This section covers the architecture of the Union.ai data plane.
It provides an overview of the components and their interactions within the system.
Understanding the architecture is crucial for effectively deploying and managing your Union.ai cluster.

=== PAGE: https://www.union.ai/docs/v2/union/deployment/selfmanaged/architecture/overview ===

# Overview

The Union.ai architecture consists of two components, referred to as planes — the control plane and the data plane.

![](../../../_static/images/deployment/architecture.svg)

## Control plane

The control plane:
  * Runs within the Union.ai AWS account.
  * Provides the user interface through which users can access authentication, authorization, observation, and management functions.
  * Is responsible for placing executions onto data plane clusters and performing other cluster control and management functions.

## Data plane

Union.ai operates one control plane for each supported region, which supports all data planes within that region. You can choose the region in which to locate your data plane. Currently, Union.ai supports the `us-west`, `us-east`, `eu-west`, and `eu-central` regions, and more are being added.

### Data plane nodes

Worker nodes are responsible for executing your workloads. You have full control over the configuration of your worker nodes.

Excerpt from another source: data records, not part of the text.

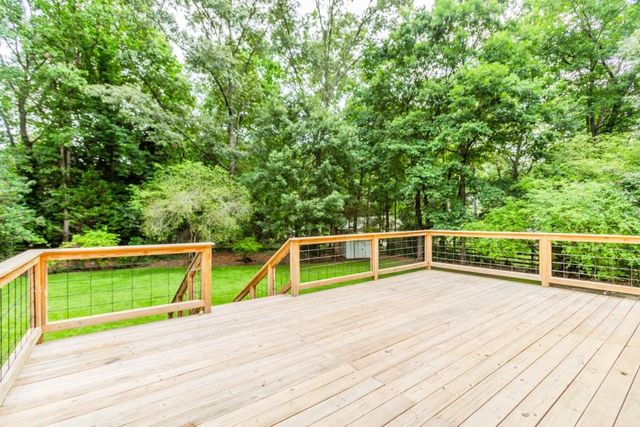 3156 Laurel Way, Snellville, GA 30078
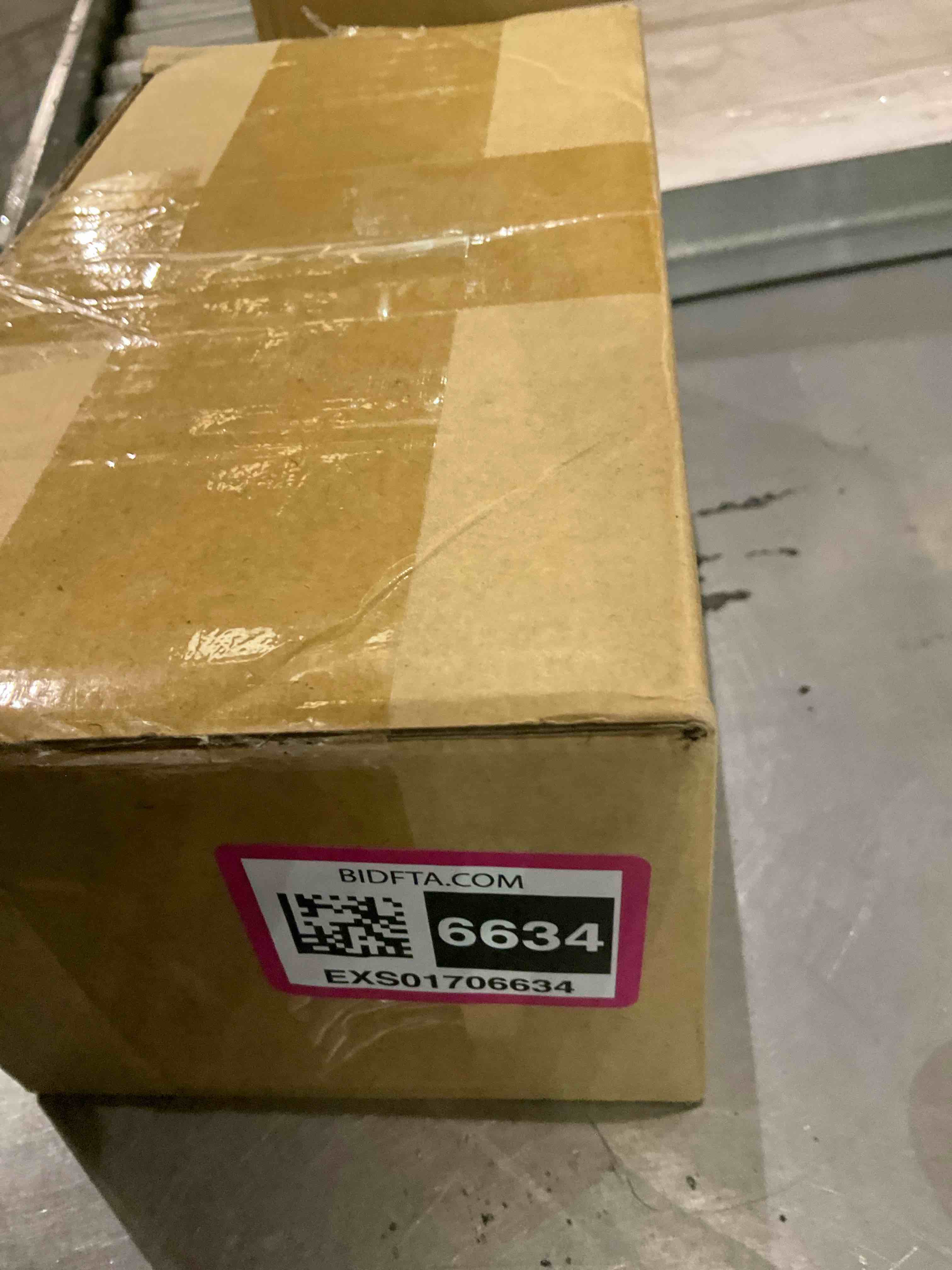 https://s3.amazonaws.com/lotting-images-prod/BargainHunt/EXS01706634_1714652228922.jpeg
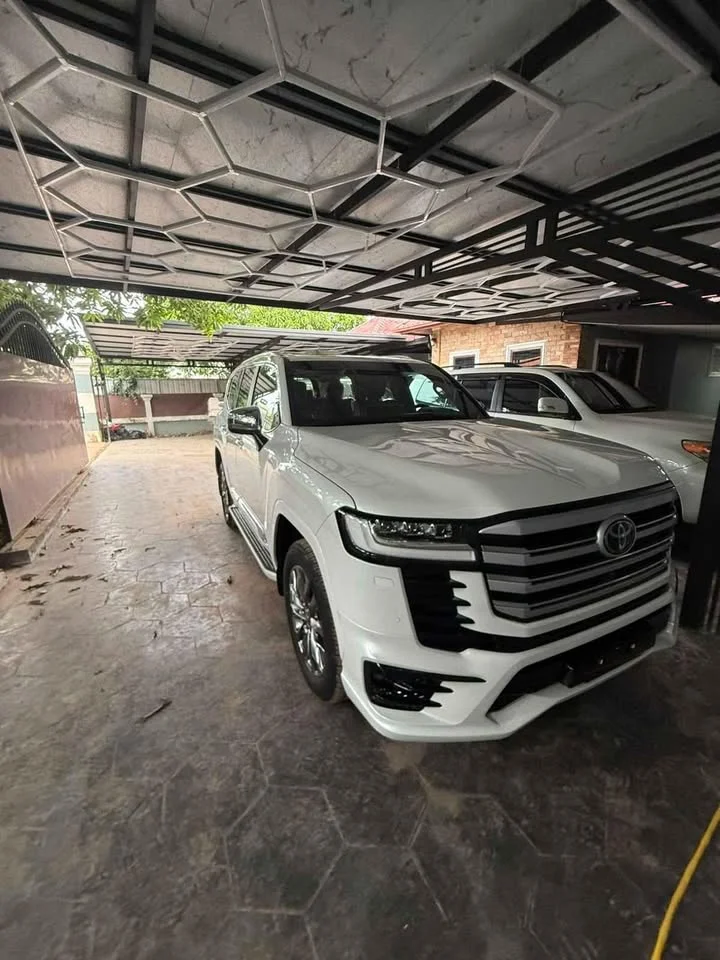 2026 Toyota Land Cruiser J300 2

When worker nodes are not in use, they automatically scale down to the configured minimum.

## Union.ai operator

The Union.ai hybrid architecture lets you maintain ultimate ownership and control of your data and compute infrastructure while enabling Union.ai to handle the details of managing that infrastructure.

Management of the data plane is mediated by a dedicated operator (the Union.ai operator) resident on that plane.
This operator is designed to perform its functions with only the very minimum set of required permissions.
It allows the control plane to spin up and down clusters and provides Union.ai's support engineers with access to system-level logs and the ability to apply changes as per customer requests.
It _does not_ provide direct access to secrets or data.

In addition, communication is always initiated by the Union.ai operator in the data plane toward the Union.ai control plane, not the other way around.
This further enhances the security of your data plane.

Union.ai is SOC-2 Type 2 certified. A copy of the audit report is available upon request.

## Registry data

Registry data is comprised of:

* Names of workflows, tasks, launch plans, and artifacts
* Input and output types for workflows and tasks
* Execution status, start time, end time, and duration of workflows and tasks
* Version information for workflows, tasks, launchplans, and artifacts
* Artifact definitions

This type of data is stored in the control plane and is used to manage the execution of your workflows.
This does not include any workflow or task code, nor any data that is processed by your workflows or tasks.

## Execution data

Execution data is comprised of::

* Event data
* Workflow inputs
* Workflow outputs
* Data passed between tasks (task inputs and outputs)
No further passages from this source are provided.